Minutes later, the U.S. team manager, having read the results off the scoreboard, congratulated Sanchez on his victory.
“I didn't believe her,” said Sanchez, 32, who lives in San Carlos.
Even at the awards ceremony, when an official let go of the gold medal and it thumped against Sanchez's chest, “I was still in disbelief,” he said.
Later that night, lying in bed at the athletes' village, Sanchez shot up and yelled, “I think I won the gold medal!”
“What are you talking about?” his roommate said. “That was eight hours ago.”
“No, man. I won the gold medal. I am the fastest hand cyclist in the world!”
“Dude,” his roommate said, “you are crazy.”
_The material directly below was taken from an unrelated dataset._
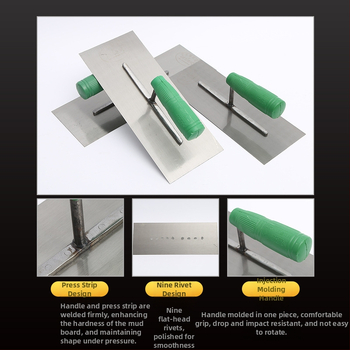 Špatula za malter s plastičnom drškom za zidare — podrijetlo Linyi, Shandong; marka Green plastic handle mud wipe; debljina 0,8 mm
Sunday morning, about 650 swimmers, cyclists and runners will congregate at La Jolla Cove for the 15th annual San Diego Triathlon Challenge. A noncompetitive relay, the 1.2-mile swim, 56-mile bike and 13.1-mile run began in 1994 as an effort to raise enough money to buy a paralyzed triathlete a wheelchair-accessible van.
The event has raised more than than $16 million for the locally based Challenged Athletes Foundation.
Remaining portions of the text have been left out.